After his team’s thrilling double-overtime victory over Franklin Regional on homecoming last week, Shaler coach Jim Ryan said he hoped the win would kick start the Titans into conference play.

It did that, as the Titans knocked off Woodland Hills for the first time Friday night, in the 12th all-time meeting between the two schools. Shaler, with a 46-yard touchdown pass from junior quarterback Keegan Smetanka to junior wide receiver Joe DeSabato with 14.2 seconds to go, came out victorious at the Wolvarena, 28-21.

Shaler is off to its best start in 11 years at 4-2 and 1-0 in the Class 5A Northeast Conference.

“I’m speechless right now. It’s one of those things that will take time to process a bit,” Ryan said. “This means everything to our district. We’ve never beaten Woodland Hills. We’re a program that’s been on the mend for a while. This is enormous.”

Ryan said it comes down to his guys not really looking at the game as a whole but “for the next rep” and was pleased his team made the big plays down the stretch, including DeSabato’s catch.
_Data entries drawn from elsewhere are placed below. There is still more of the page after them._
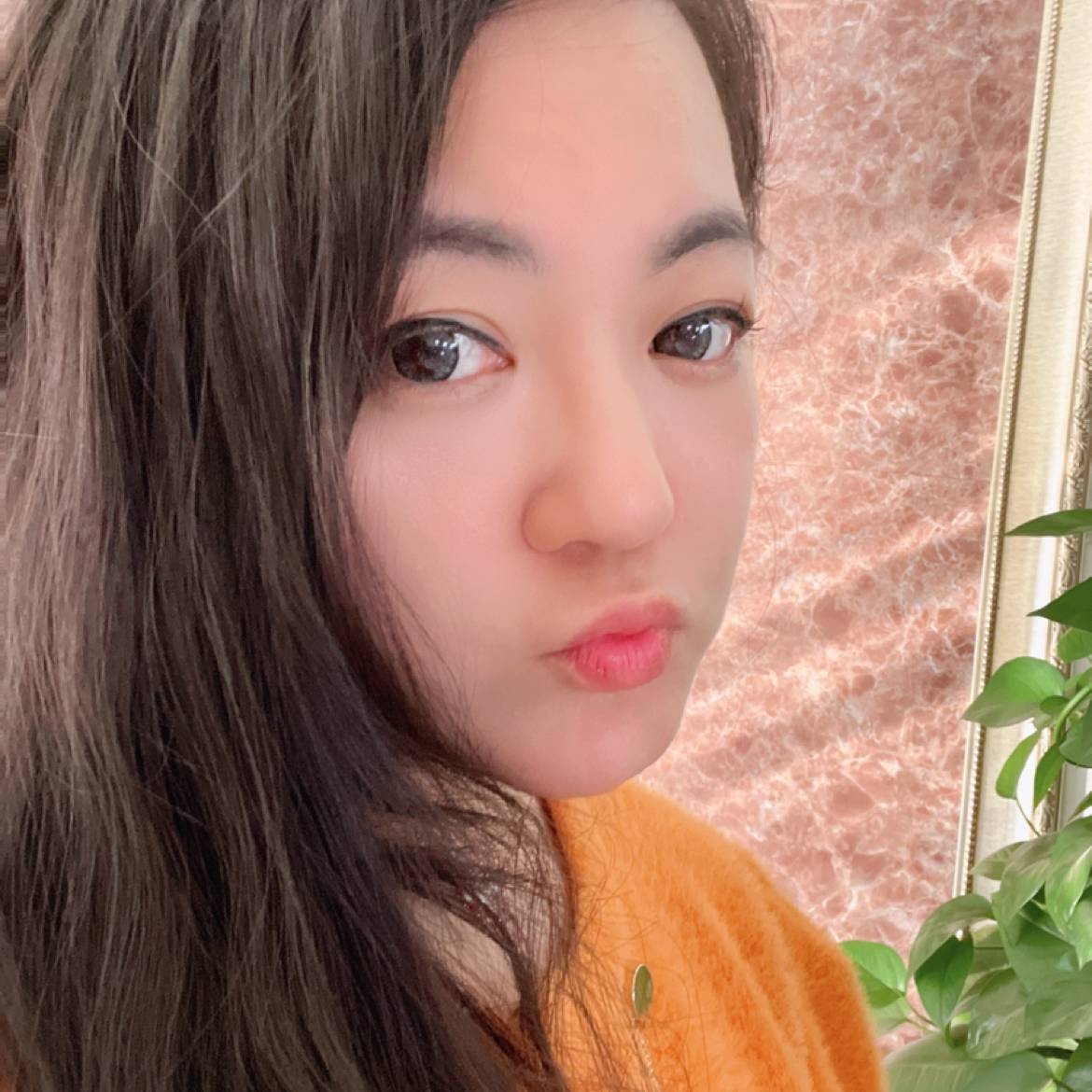 杏花微雨166的照片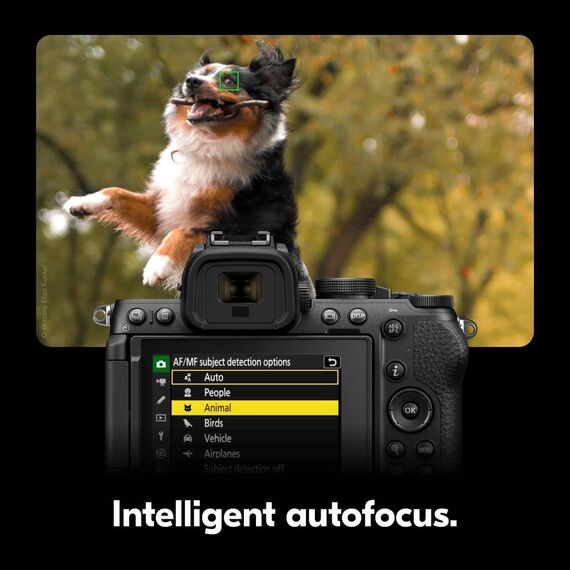 Nikon Z50 II Twin Kit 16-50mm + 50-250mm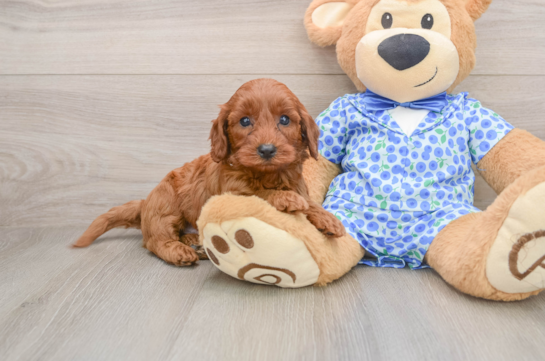 Mini Irish Doodle Pup Being Cute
Before that score, Kaden Orga’s interception gave Shaler a chance.

It was one of a handful of instances Woodland Hills coach Tim Bostard thought got away from the Wolverines.

“It was back-and-forth, but we made enough mistakes to hurt ourselves,” he said. “We needed to be more disciplined and couldn’t keep them behind the sticks enough, and we had the turnover at the end on the comeback route.

“As a coach you turn around and second guess yourself: ‘Was it the right call?’ But in the end, their kid made a play, and that’s how it goes sometimes.”

The scoring started on Shaler’s first drive, which was the game’s opening drive. With 8 minutes left, Shaler scored on a fourth-down play. Smetanka threw a 25-yard jump ball to tight end Brandon London, who hauled in the pass. It was one of his five catches for 49 yards.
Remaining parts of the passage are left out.